**TASK ITEM**
Retype all of the listing exactly, passing over any picture you find.

**TASK INPUTS**
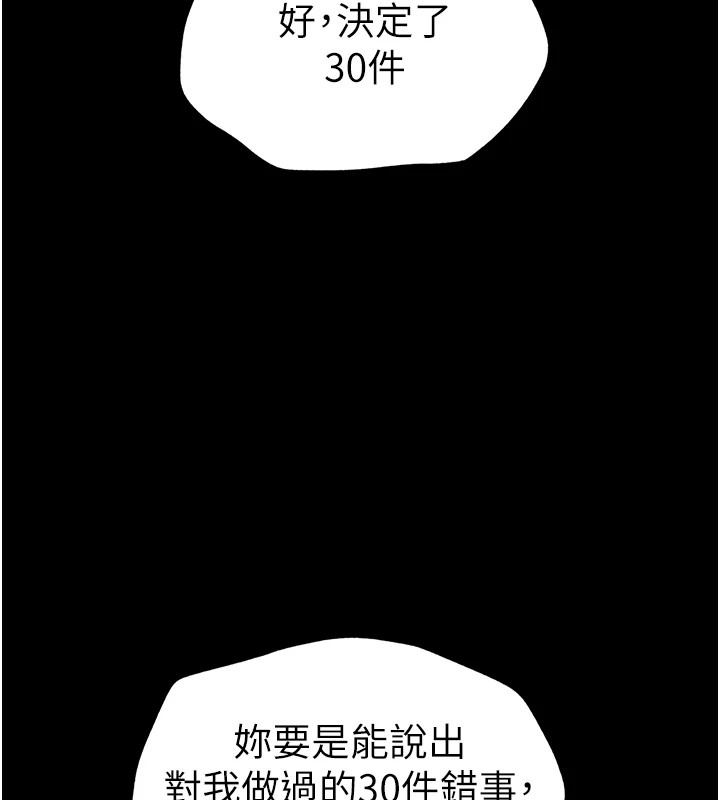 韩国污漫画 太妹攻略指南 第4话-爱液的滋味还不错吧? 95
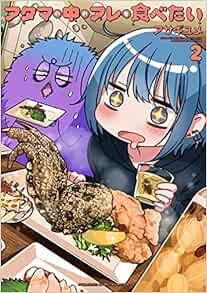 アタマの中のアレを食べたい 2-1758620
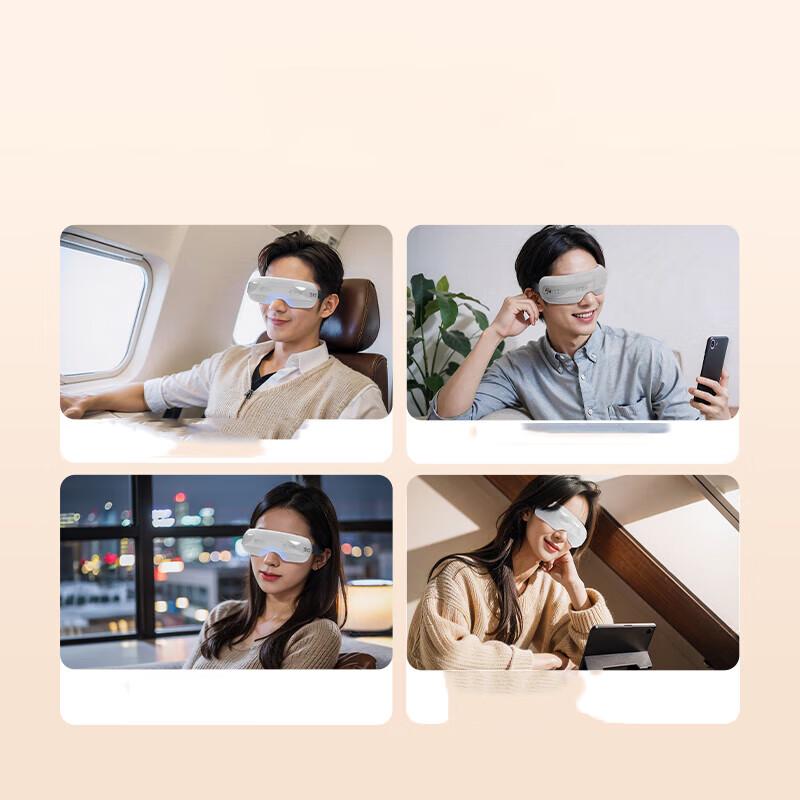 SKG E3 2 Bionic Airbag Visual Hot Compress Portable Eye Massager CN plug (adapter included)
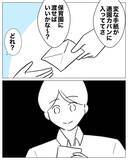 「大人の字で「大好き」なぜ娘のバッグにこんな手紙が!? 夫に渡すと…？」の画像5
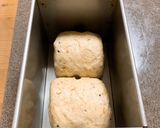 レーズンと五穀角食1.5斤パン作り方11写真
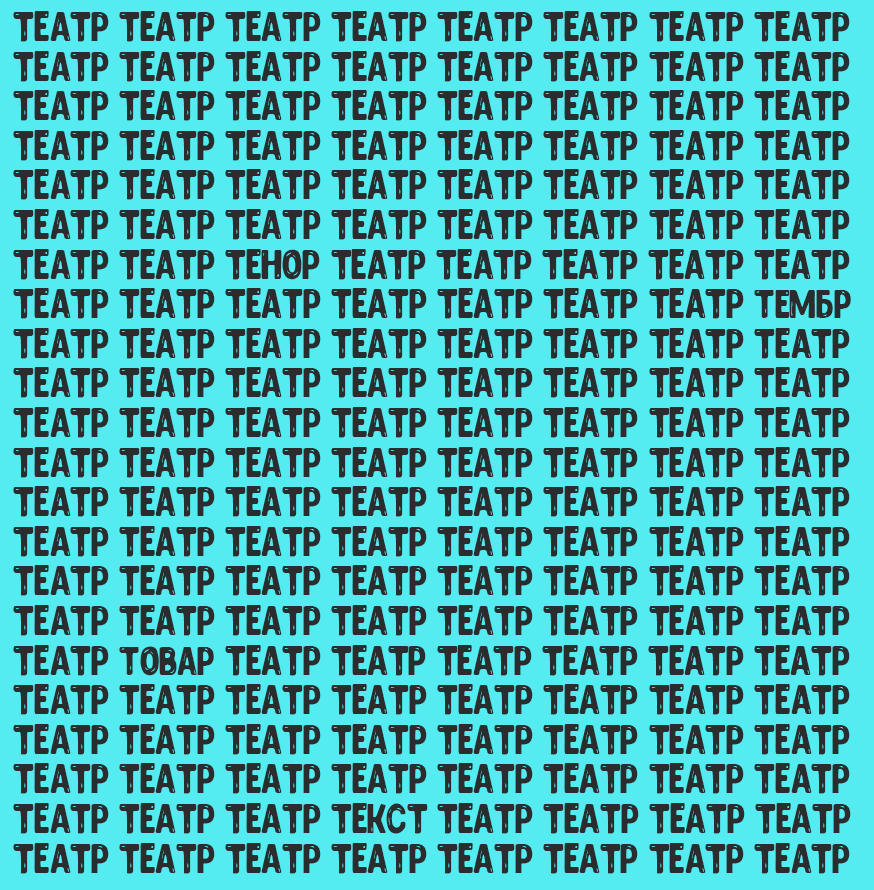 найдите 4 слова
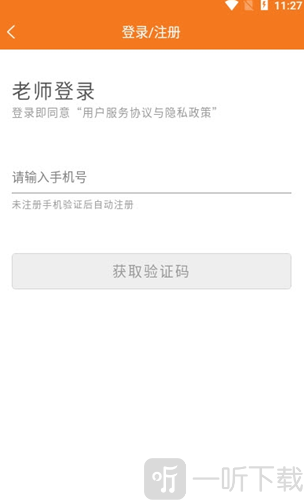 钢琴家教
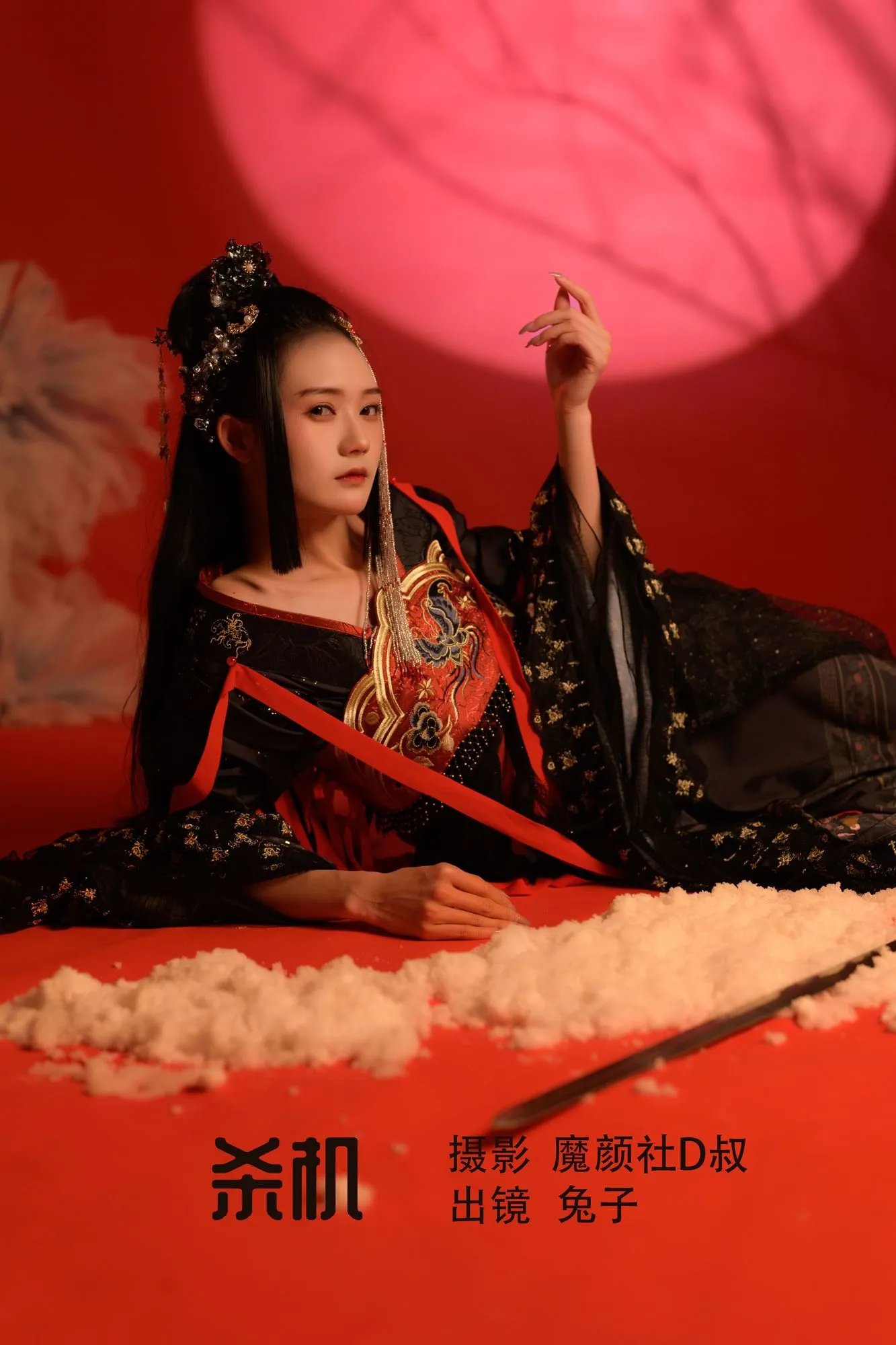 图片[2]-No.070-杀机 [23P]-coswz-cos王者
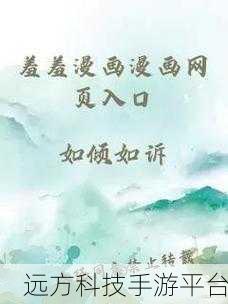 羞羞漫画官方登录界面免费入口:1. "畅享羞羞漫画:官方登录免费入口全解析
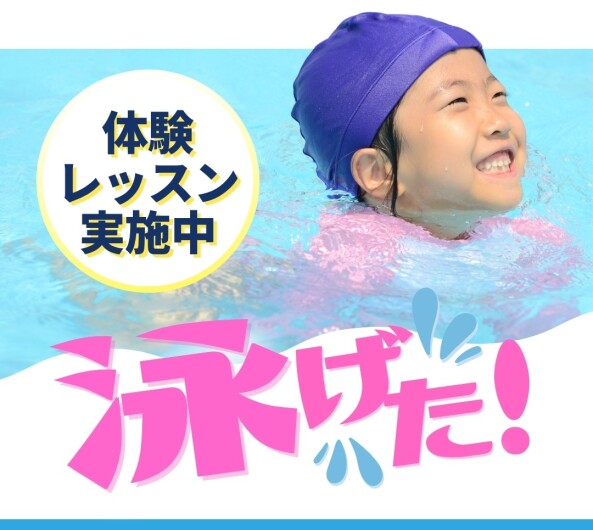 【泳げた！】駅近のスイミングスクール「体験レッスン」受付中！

**RESULT**
 韩国污漫画 太妹攻略指南 第4话-爱液的滋味还不错吧? 95
 アタマの中のアレを食べたい 2-1758620
 SKG E3 2 Bionic Airbag Visual Hot Compress Portable Eye Massager CN plug (adapter included)
 「大人の字で「大好き」なぜ娘のバッグにこんな手紙が!? 夫に渡すと…？」の画像5
 レーズンと五穀角食1.5斤パン作り方11写真
 найдите 4 слова
 钢琴家教
 图片[2]-No.070-杀机 [23P]-coswz-cos王者
 羞羞漫画官方登录界面免费入口:1. "畅享羞羞漫画:官方登录免费入口全解析
 【泳げた！】駅近のスイミングスクール「体験レッスン」受付中！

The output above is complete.